_WHAT NEEDS TO BE DONE_
Before returning the data, strip out the pictures and keep everything else exactly the same.

_DATA SHOWN_
------------------------------------------------------------------------
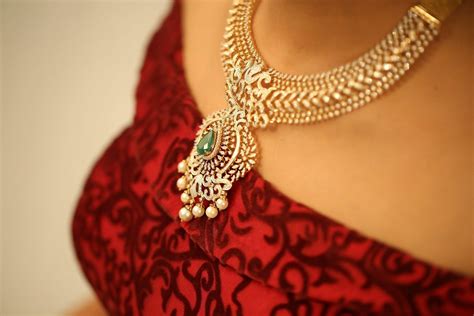 Pin By Anila Reddy On Diamond Jewelry Beaded Necklace Designs Bold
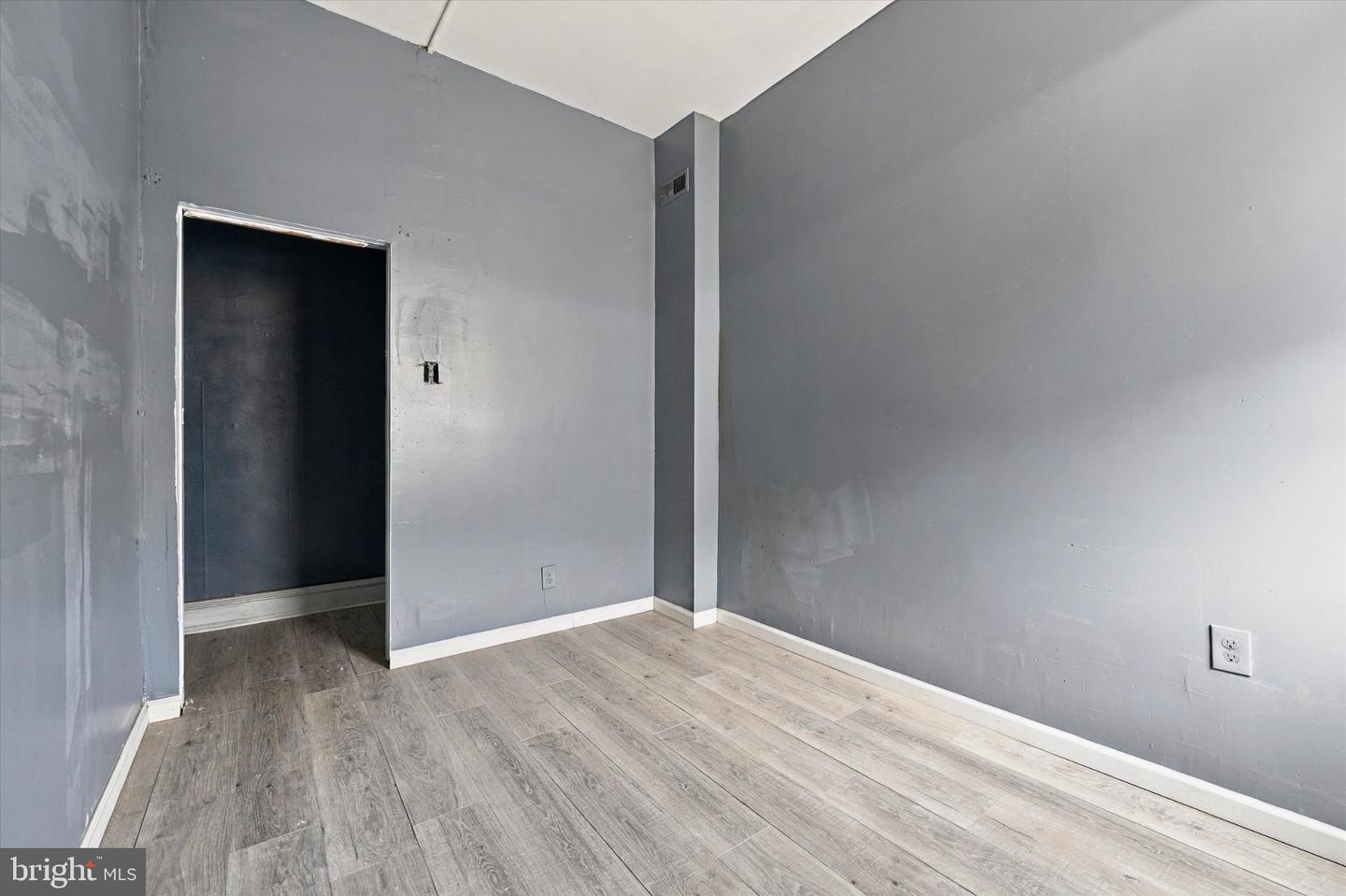 1514 Wolf St Property Photo 30
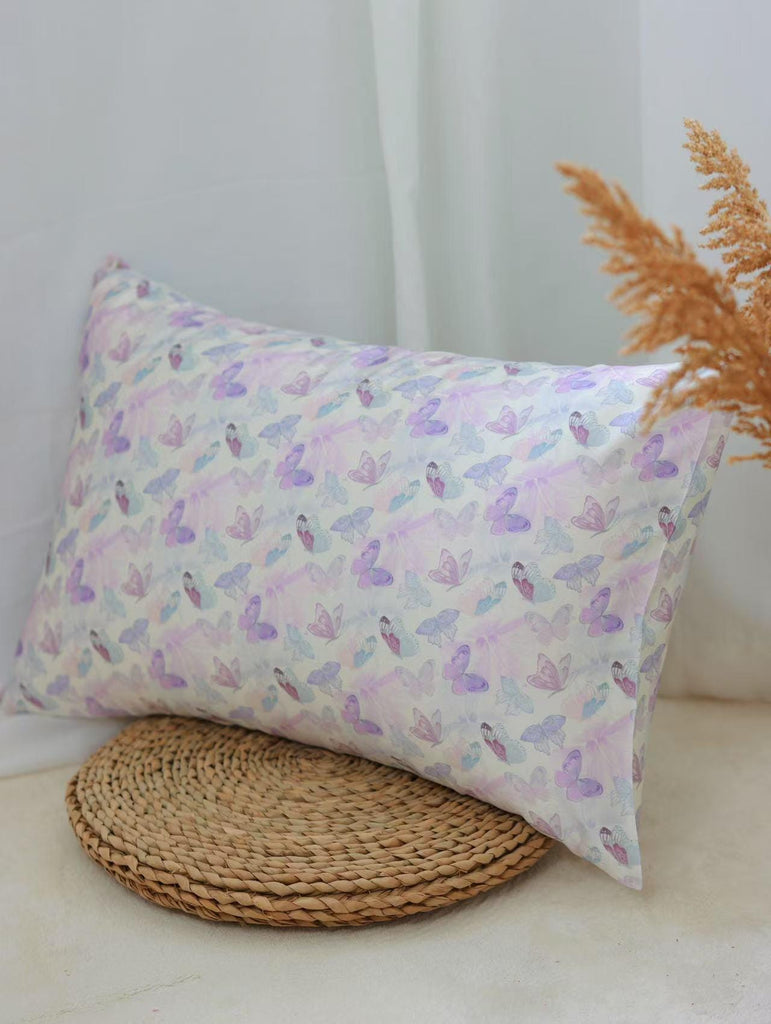 Butterfly Mulberry Silk Pillowcase with Scrunchie: Anti-Aging Beauty Sleep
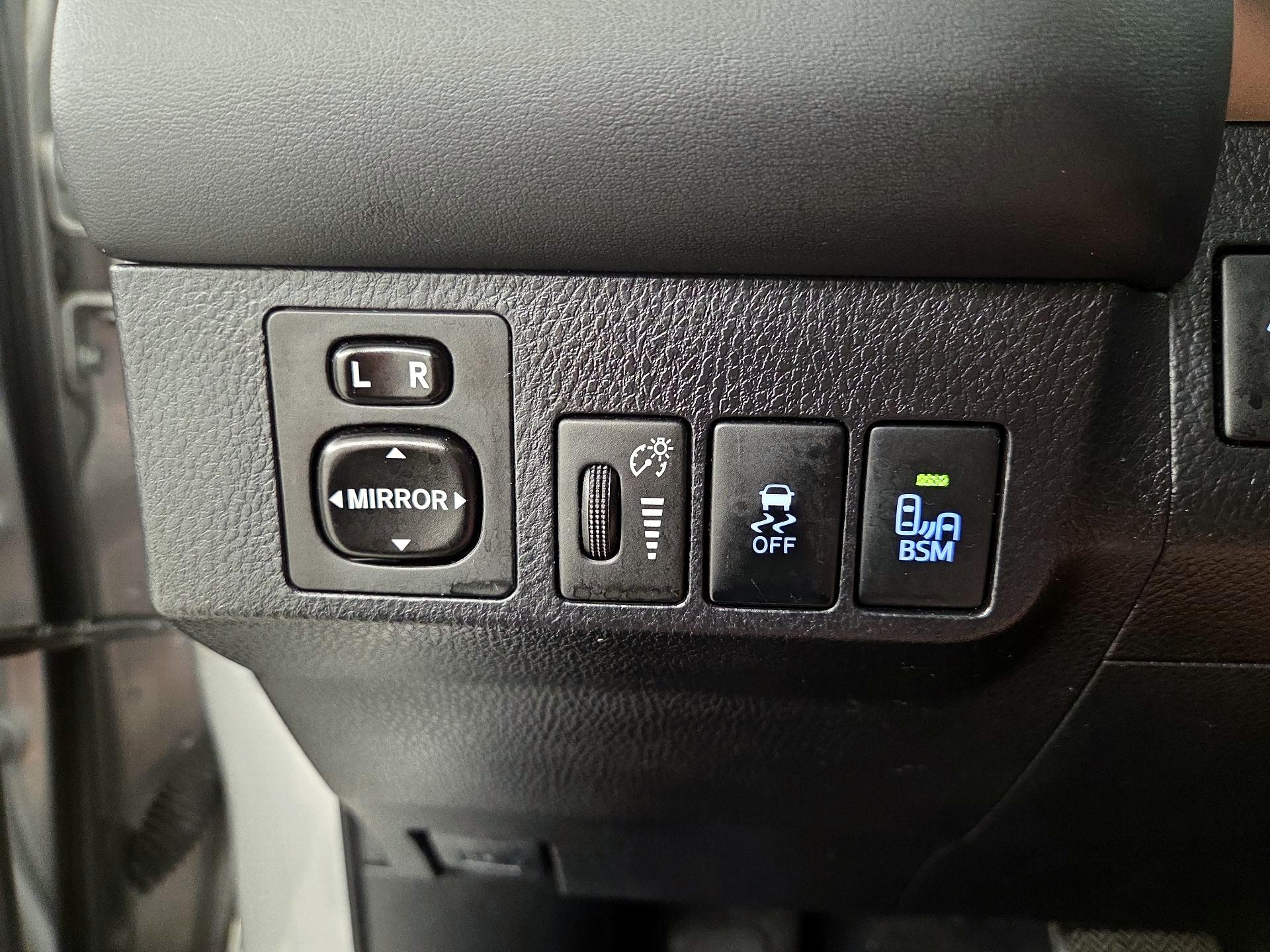 Thumbnail: 2015 Toyota RAV4 - 13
------------------------------------------------------------------------
_SOLUTION FOR THIS PROBLEM_
 Pin By Anila Reddy On Diamond Jewelry Beaded Necklace Designs Bold
 1514 Wolf St Property Photo 30
 Butterfly Mulberry Silk Pillowcase with Scrunchie: Anti-Aging Beauty Sleep
 Thumbnail: 2015 Toyota RAV4 - 13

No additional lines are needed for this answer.